Cochran, Jacqueline "Jackie"

Cochran, Jacqueline "Jackie"
Cochran, Jacqueline "Jackie"

Jackie Cochran never knew her birth family. She moved from place to place with her foster family as they searched for work. In her eighth year, the moved to Columbus, Georgia, and Jackie was put to work in a cotton mill earning six cents per hour. Working twelve hours a day, she saved enough money to buy her first pair of shoes. Determined to escape the brutal condition of her youth, she apprenticed herself as a hairdresser at age eleven. By age fourteen, she had fully trained herself, and from a telephone book selected her name, Jacqueline Cochran. Moving to New York, she became an established and successful business woman by age nineteen. Her future husband, millionaire Floyd Oldham, was first to suggest she learn to fly. Accepting the dare, she obtained her pilot's license in 1932 after only three weeks of instruction.
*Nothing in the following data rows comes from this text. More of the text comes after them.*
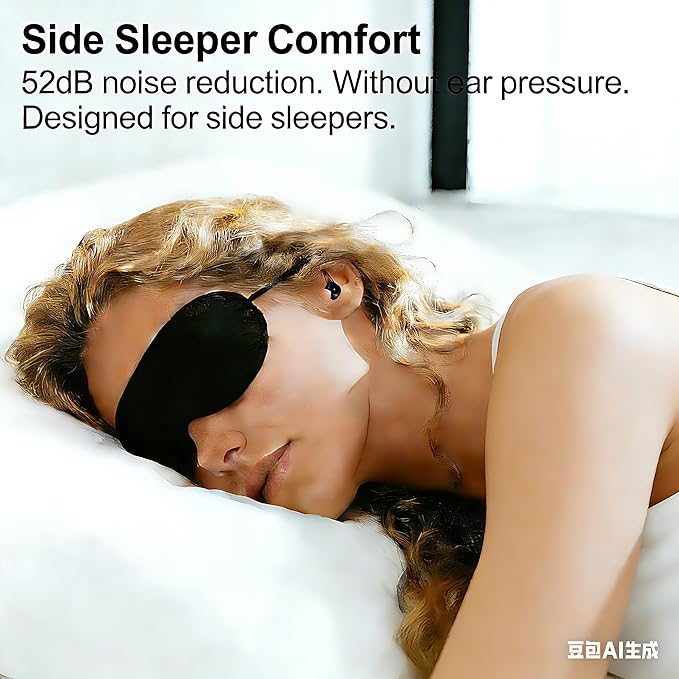 Side Sleeper Earplugs (4 Pack) -52dB Noise Reduction, Ultrasoft Silicone, Pain-Free Comfort, Snoring & Sleep Suppression, Focus & Study .Family Set 1 Box (S/M/L) with Carrying Case.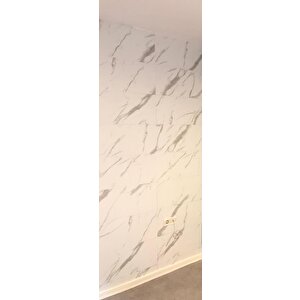 60-30 Cm Beyaz Mermer Desen Yapışkanlı Yer Duvar Döşemesi Nwyp10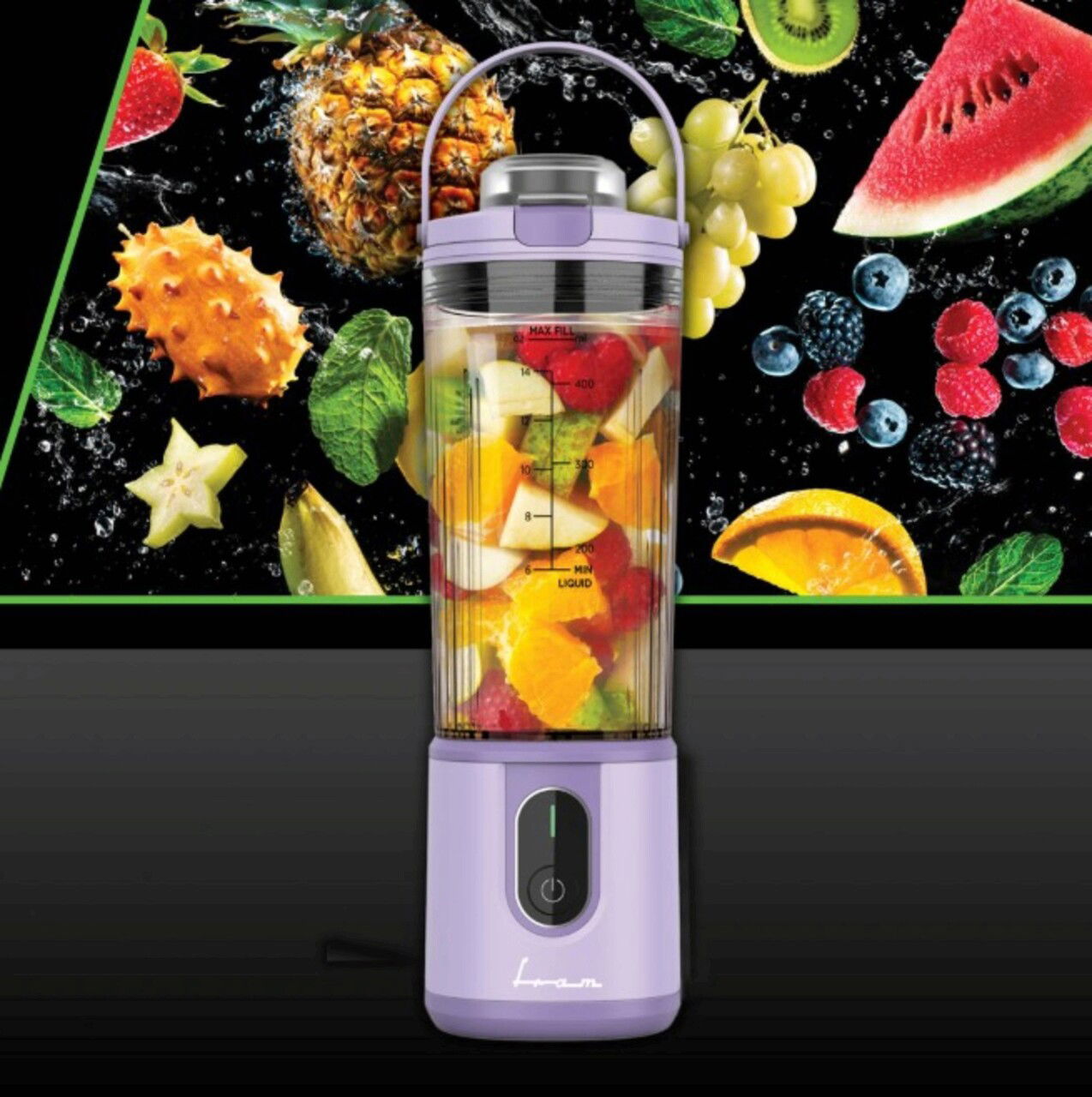 Blender portabil Fram, 7.4V, 400 ml, mov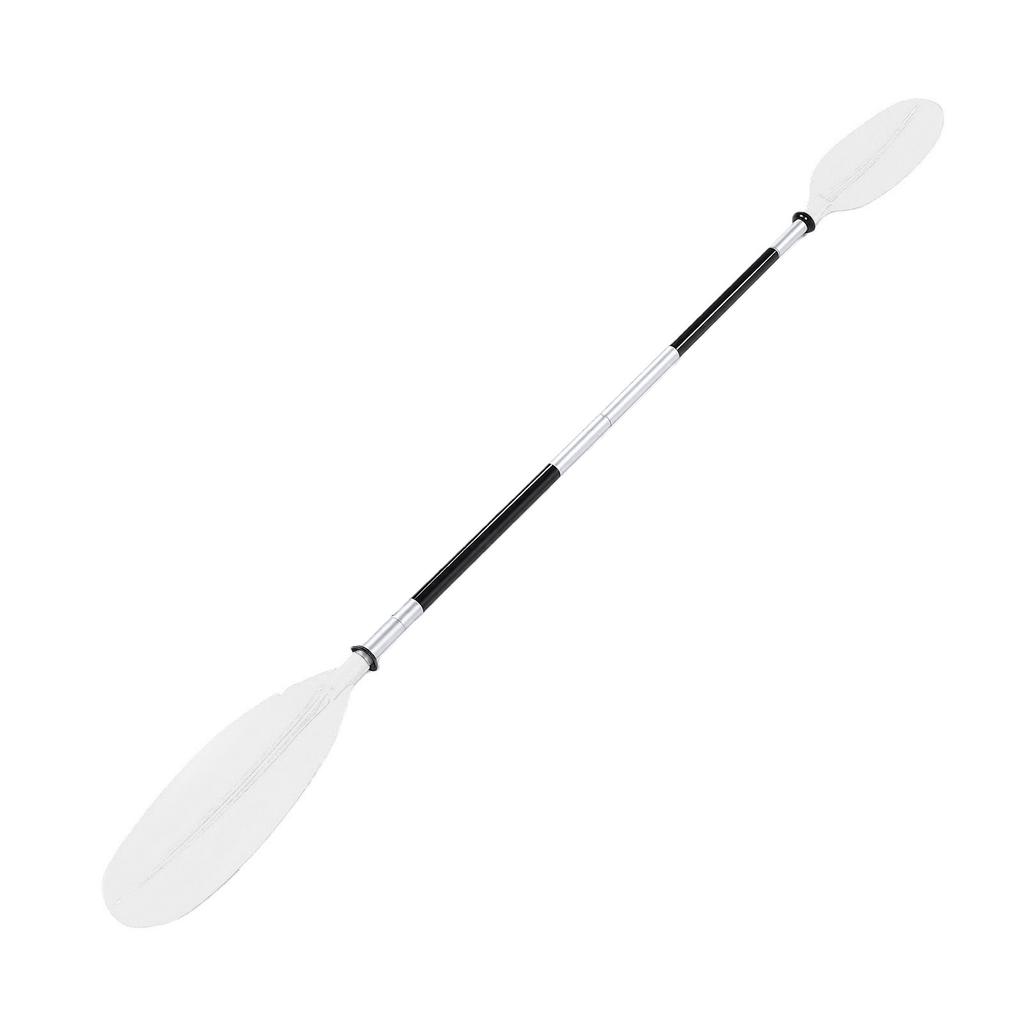 Kajakpaddel 4-teiliges Doppelpaddel für Kanu Aluminiumlegierungsschaft zum Angeln Rafting Surfen Bootfahren Weiß 220cm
From that time forward, the sky was home for Jackie. In 1934, she flew in the London to Melbourne race; she became the first woman to fly in the Bendix Trophy Race in 1935. She placed third in 1937 and won the Bendix in 1938 against a field of male pilots, and went on to set a Transcontinental speed record. In 1939-40, she set a women's altitude record, won the New York-Miami race, and set open-class records. During World War II, she was the first woman to fly a bomber across the Atlantic, served with the British Air Transport Auxiliary, organized and led the Women's Air Force Service Pilots (WASP) program, served as consultant on the General Staff of the Army Air Corps, and was awarded the Distinguished Service Medal. She placed second in 1946 and third in 1948 in the Bendix. Commissioned a Lieutenant Colonel in the USAF Reserve in 1948, she received the Harmon Trophy in 1950 as the "Aviatrix of the Decade", became the first woman to exceed the speed of sound, and was awarded the F.A.I. Gold Medal in 1953. She served as President of the F.A.I. and the National Aeronautical Association. She set nine world jet records in 1961, became the first woman to fly a jet across the Atlantic, setting sixty-nine records and became Consultant to NASA in 1963. Then in 1964, she set three more world jet speed records, one in excess of MACH Two. At the time of her death, she held more speed, altitude, and distance records that any other pilot, male or female, in aviation history, and had earned the respect and admiration of leaders around the world.

Jacqueline Cochran was enshrined on November 7, 1992, in recognition of her great courage, determination, achievements, and contributions to the field of Aviation.